At Pensacola on 26 August 1814, Nicolls issued an order of the day for the 'First Colonial battalion of the Royal Corps of Marines', and at the same time issued a widely disseminated proclamation to the people of Louisiana, urging them to join forces with the British and Indian allies against the American government. Both documents were reproduced in Niles' Register of Baltimore. (Note: The proclamation was partly published, albeit the section about the future rights of fugitive slaves who fought for Britain was omitted in the censored version.) These were a ruse as to the real strength of the British. The "numerous British and Spanish squadron of ships and vessels of war" he described comprised two sloops and two sixth-rates of the Royal Navy, the "good train of artillery" comprised three cannon and twelve gunners, whilst the "battalion" was a company-strength group of 100 Royal Marines infantry, detached from Major George Lewis's battalion.

The numbers of Colonial Marines and Redstick Creeks are difficult to ascertain, although Nicolls did arrive in Florida with 300 British uniforms and 1000 muskets. Manrique cooperated with Nicolls, allowing him to train and drill Muscogee Creek refugees. Their fighting force having been defeated at the Battle of Horseshoe Bend in March, the few hundred Redstick Creeks still alive arrived en masse at British Post, on the verge of starvation and with no possessions other than the clothes they were wearing.

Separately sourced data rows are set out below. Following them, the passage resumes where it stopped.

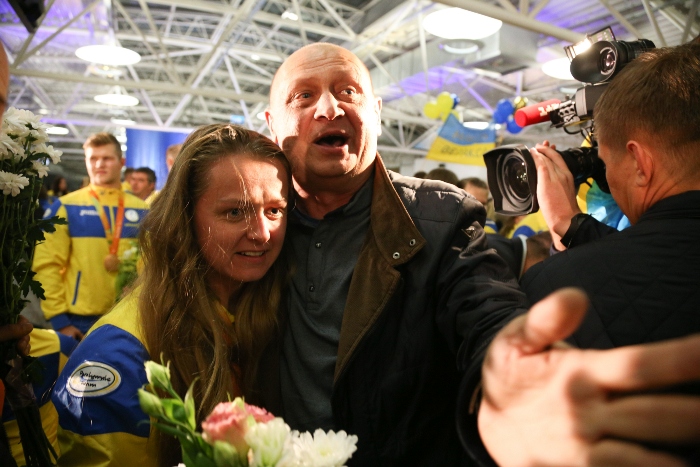 Зустріч паралімпійської збірної: фоторепортаж з "Борисполя"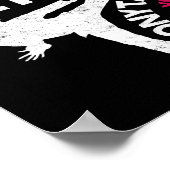 ポニーテールに騙されるな - クールで楽しい空手 ポスター (角)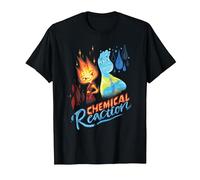 Disney and Pixar’s Elemental Chemical Reaction Ember & Wade Camiseta, Hombre, Negro, 3XL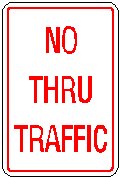 No Thru Traffic.eps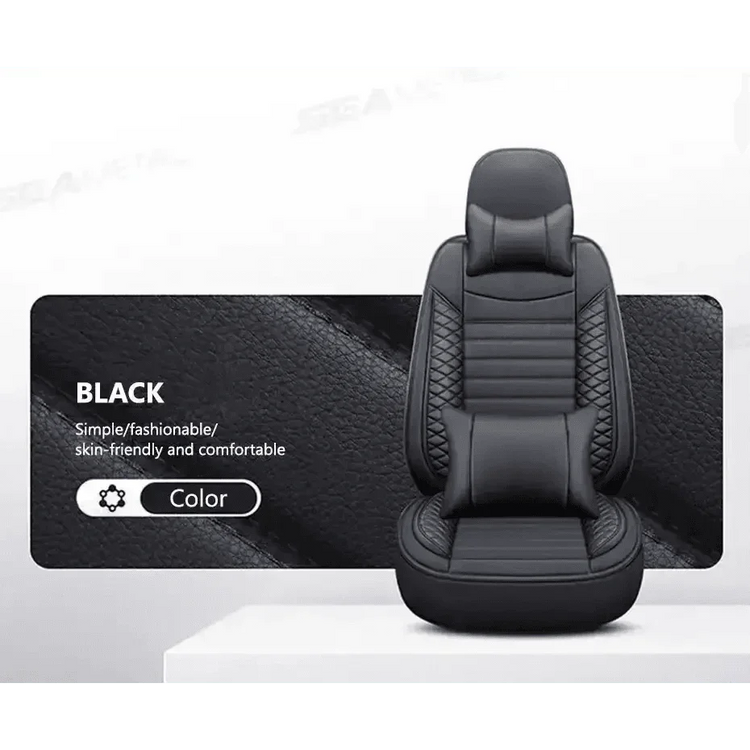 Black Leather Car Seat Covers Seametal Car Seat Car seat cover by DSERS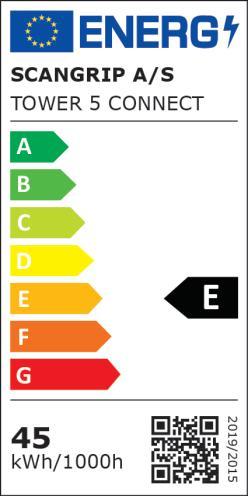 Energy Label Scangrip Tower 5 Connect (5000 lm)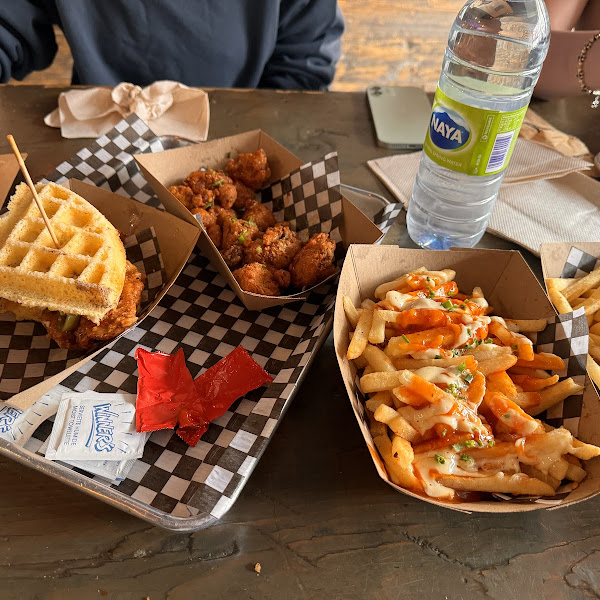 Gluten-Free Chicken & Waffles at The Dirty Bird Chicken + Waffles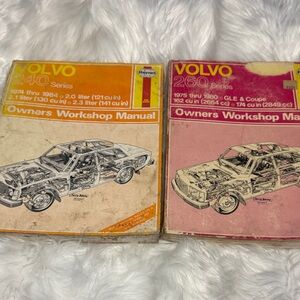 Volvo 240 & 260 Series Workshop Manual Set - Yellow & Pink Covers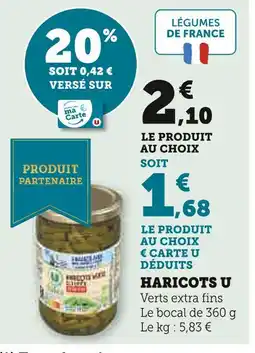 Super U U haricots verts extra fins offre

There were so many of them that feeding them was a serious problem: there were deaths from starvation, and a case of cannibalism was recorded. Nicolls still attempted to broaden the forces on the side of the British, and he is mentioned as participating in attempts to recruit Jean Lafitte to the British cause.

==== Fort Bowyer and New Orleans ====
Nicolls participated in an unsuccessful land and naval attack on Fort Bowyer on 15 September. In the fighting, Nicolls was wounded severely three times, and he lost the use of his right eye for life. The taking of Pensacola in November by an American force under Andrew Jackson forced Nicolls to retreat the following day to the Apalachicola River with freed and escaped slaves from Pensacola. There, Nicolls regrouped at Prospect Bluff, and rallied Indians and refugee ex-slaves living free in Florida, recruiting the latter into his detached unit of the Corps of Colonial Marines.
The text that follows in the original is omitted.